In one preferred form of the invention, there is provided a method of
holding a laser mass transfer image donor element in overlying
relationship with a receptor element comprising the steps of: assembling a
laser mass transfer imaging element in overlying relationship with a
receptor element; enclosing the assembled elements in an enclosure which
is transmissive to imaging radiation; applying a vacuum to the enclosure
so that the vacuum maintains the elements together in a predetermined
relationship; and sealing the enclosure.
In still another preferred form of the invention, provision is made for a
method of imaging a mass transfer imaging assembly comprising the steps
of: providing a mass transfer imaging assembly including at least a donor
sheet and a receptor sheet in overlying relationship between mass transfer
imaging sheet, and an enclosure which encloses at least a portion of the
sheet; wherein the enclosure has a portion thereof made of material
transmissive to energy for initiating imaging of the sheet; placing the
imaging assembly in a position for it to be imaged; and, directing mass
transfer imaging energy in an imagewise manner to the enclosure portion so
as to initiate mass transfer imaging of the sheet.
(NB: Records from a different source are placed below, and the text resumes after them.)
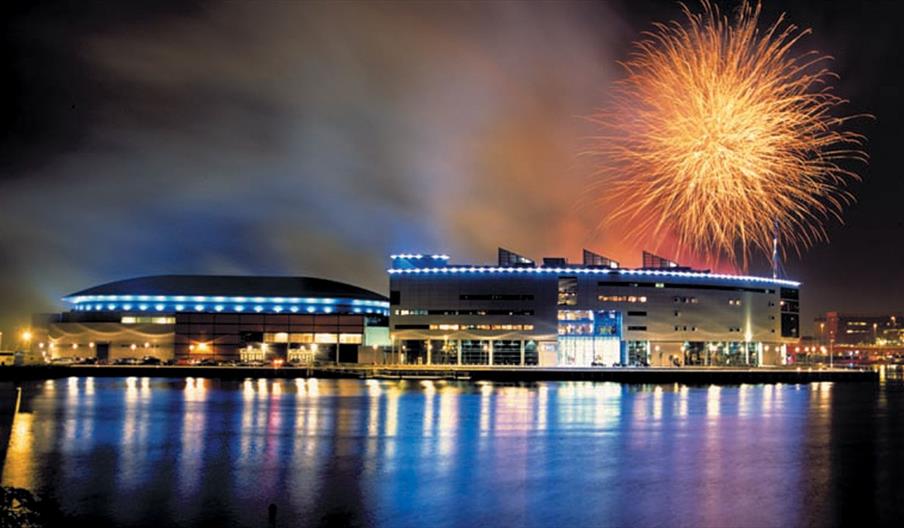 SSE Arena, Belfast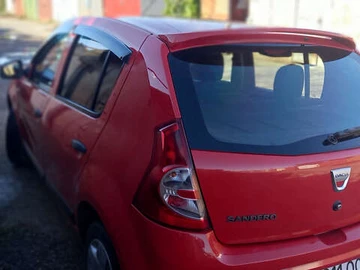 Авто Dacia Sandero 2011 № 8252970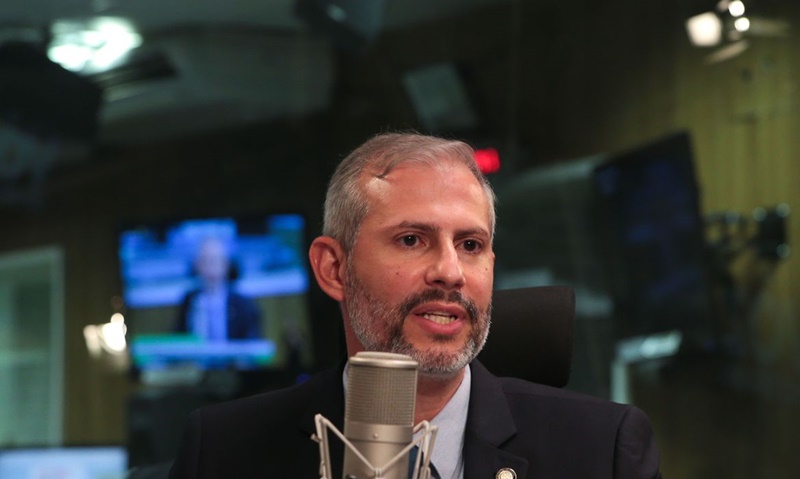 ESCOLHIDO: Bolsonaro nomeia Victor Godoy como novo ministro da Educação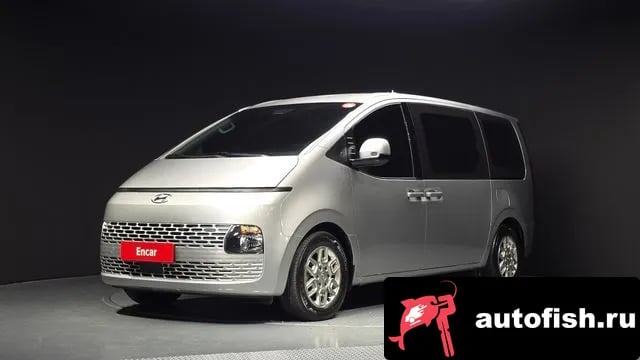 Hyundai Staria Staria 2024 года - вид 1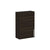 VitrA Root Flat 60cm 1 Door Upper/Wall Unit - Unbeatable Bathrooms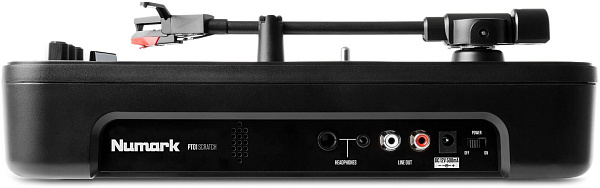 NUMARK PT01 SCRATCH - DJ-проигрыватель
In yet another
preferred form of the invention, the enclosure is openable for allowing
removal of the imaged sheet.
In still another preferred form of the invention, provision is made for a
method of mass transfer imaging a mass transfer imaging assembly
comprising the steps of: providing a mass transfer imaging assembly
including at least a pair of juxtaposed mass transfer imaging sheets
wherein one of the sheets includes a laser-ablatable layer, and an
enclosure which encloses at least a portion of one of sheets and a portion
of the other sheet; wherein the enclosure has a portion thereof made of
material transmissive to energy for initiating imaging of at least the
juxtaposed sheets; placing the imaging assembly in a position for it to be
imaged; directing mass transfer imaging energy in an imagewise manner to
the enclosure portion so as to initiate imaging of the assembly thereof.
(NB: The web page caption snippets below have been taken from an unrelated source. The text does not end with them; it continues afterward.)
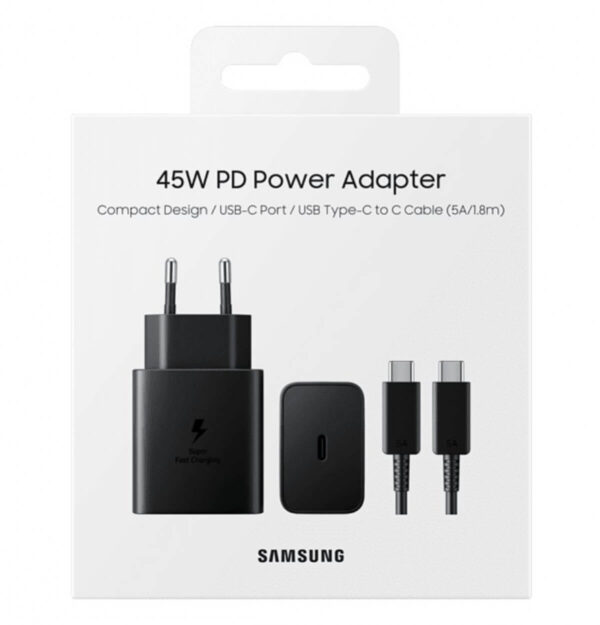 Samsung 45 Watt charger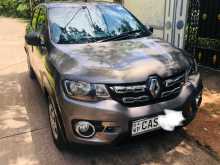 Renault Kwid Rxt 2016 Car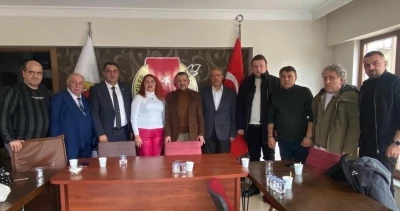 Millitvekili Erbaş, "K&uuml;tahya tarih ve k&uuml;lt&uuml;r turizminde hak ettiği yerde değil"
In another preferred form of the invention, the enclosure is openable so
that imaged assembly can be removed after imagewise exposure.
Among the objects of the invention are, therefore, the provision of an
improved mass transfer imaging assembly as well as methods of making and
using the same; an integral mass transfer imaging assembly of the above
type in which a donor and receptor composite can be held together in
uniform engagement prior to and during exposure to obtain high quality
images; a mass transfer imaging assembly of the above type which is laser
addressable; a mass transfer imaging assembly of the above type in which
the donor and receptor composite is held together in a debris free
condition; a mass transfer imaging assembly as noted above which is easily
conformable to existing laser imaging devices; a mass transfer imaging
assembly of the above type which is protected against scratching, abrasion
or other damage in shipping, storage, and use; a mass transfer imaging
assembly in which the donor and receptor composite is easily removed.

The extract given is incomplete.